I do not know the answer. I have been through France, Belgium, Luxembourg, Switzerland and Italy and have not been questioned.

Read this

http://www.towtal.co.uk/towtal.pdf

Russell


----------



## kijana (May 1, 2005)

Or this. . .


----------



## asprn (Feb 10, 2006)

peabug said:


> ive been told you cant tow on a frame in spain, and that car must be on a trailer is this true?


All EU member states are bound by EU legislation, to honour road traffic legislation applicable in each others' territories.

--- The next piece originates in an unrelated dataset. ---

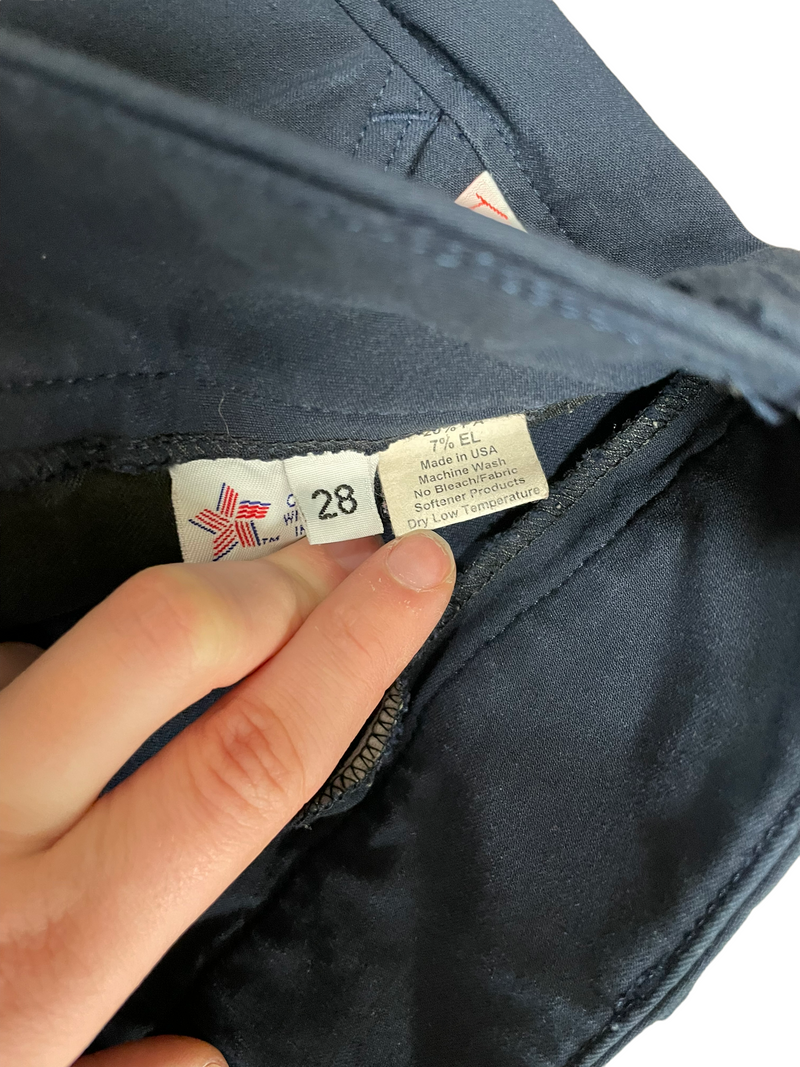 Tailored Sportsman KP Breech - Navy 28 - USED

So if using an A-frame is legal in the UK - as it is - the Spanish authorities are duty-bound to permit their use by UK visitors to Spain.

It doesn't always work out that way, if for example you get pulled by an officer who doesn't give two toots about the EU, UK or anything else and decides he wants your €30 or whatever, but by all accounts on this forum from quite a number of A-framers in Spain over this last year, no-one has had any difficulty (quite the opposite in some cases, where Spanish Police were helpful in extricating drivers from difficult situations).

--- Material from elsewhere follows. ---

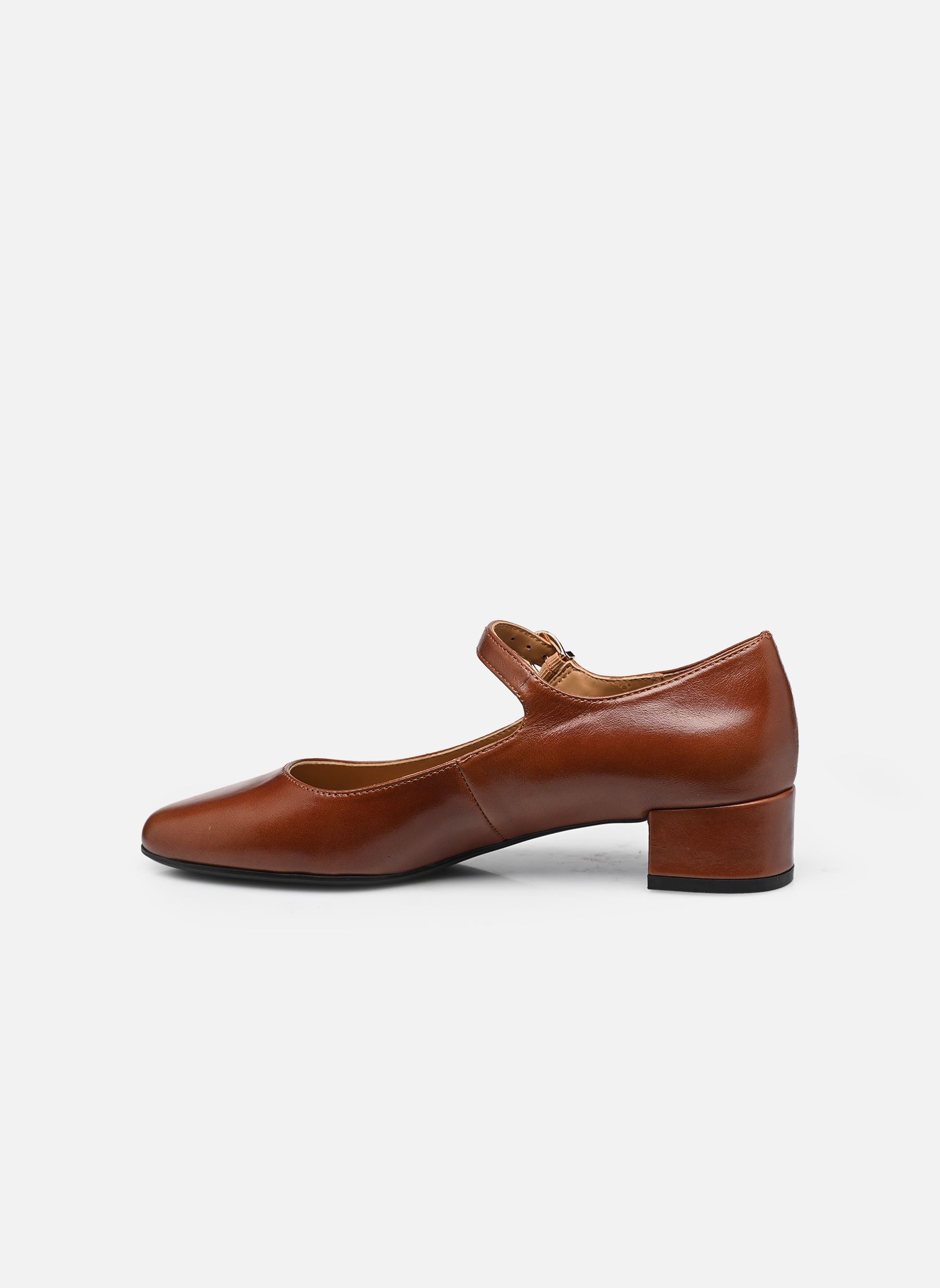 Pumps mit Riemchen Dorie damen braun Karston Pumps mit Riemchen Dorie damen braun LISSE COGNAC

We were in Spain during March and saw several A-frames, with no Police interest being shown.

Dougie.


----------



## Superk (Aug 22, 2005)

Towed without problem the last four years - doesn't mean it won't happen to you but we've been subject to a great deal of scrutiny or was it curiosity by Spanish police. The only advice I would give is to have LONG VEHICLE and diagonal red/yellow trailer board signs - look at the back of an articulated truck to see what I mean on the diagonals. Then you at least look like you know what you're doing. I did have one hearsay that Spanish police turned back A-framed tow cars coming off the Bilbao ferry if they didn't have the signs. But it could just be another campsite story.


----------



## 106090 (Jul 25, 2007)

i am very happy with all the good advice i have been giving ,i was worried sick and was going to cancel the car off the ship but feel i can now go in peace i will be printing out the rules in case we are stopped thank,s to u all


----------